Well, this is the end of the rant. Thank you — I feel better now. Surely you have your own pet peeves as an adjuster. What are they? Share them here or email them to me at kevin@kevinquinley.com

Comments

  1. I couldn’t pass this up; even at 3:40 A>M> (don’t ask).

    I’m NOT an adjuster, but I’ve been around for long enough to have a few valid opinions. My number one complaint:
    You go to 8 hours of boring C.E. meetings and have “fraud is evil” hammered into your head. Then some manager decides that “settle, settle, settle” should be the credo.

    Failure of management to select and then follow through on appropriate training. Good training should never ever ever be overlooked.

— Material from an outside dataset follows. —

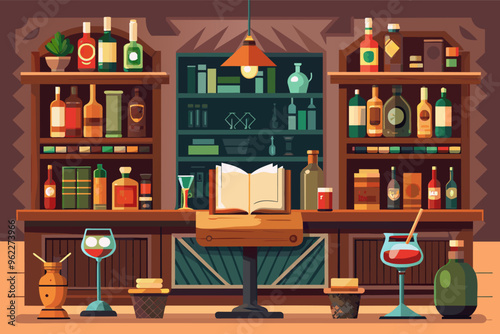 Bar counter with books, bottles, glasses, and a book on the table. Concept for cocktail bar, pub, lounge, restaurant, and nightlife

    Failure of designated “go to” company people for certain cases. If you don’t have a clue what a spondololiothesis is (can’t even spell it), how can you rationally evaluate it?

    Paid whores — we all know exactly what those are, who they are, and we rely on them anyway. Too many carriers have nothing independent about an IME.

    Day old donuts and the cheapest crap coffee known to man in the break room. C’mon guys.

    BEAN COUNTERS.

    Out-dated inefficient “manuals.”

    Carriers who do not encourage interaction (of the work variety) between adjusters. Inidivdual knowledge may be limited, but combined knowledge is a plus-plus for everyone.

    “We’ve always done it that way before.” (Don’t even get me started ….)

    Out dated forms or formats that must be completed.

    The checklist mentality that must be followed USING those out-dated forms.

    Lack of ongoing educational materials. How does any astute investigator broaden his/her horizons if he does not have his own copy of JCFR?

    Companies that have never realized that an adjuster or an investigator IS HIS ROLODEX/ADDRESSBOOK/ OR KNOWN CONNECTIONS. Picking up the phone and getting to the right person instantly saves an incredible amount of time having to wade through a half dozen “little folks.” Forking over the money/time to attend a 2 hour monthly meeting and eat a $20 lunch among peers can save the company countless hours of wasted time.

    I suppose it all boils down to being able to think Big Picture, rather than Small picture.

    Okay, it’s almost 4 a.m. — how many more do you want? (I’m going to sleep, darn it!)

    Want more? The list is looooooooooooooooooooooooooooong.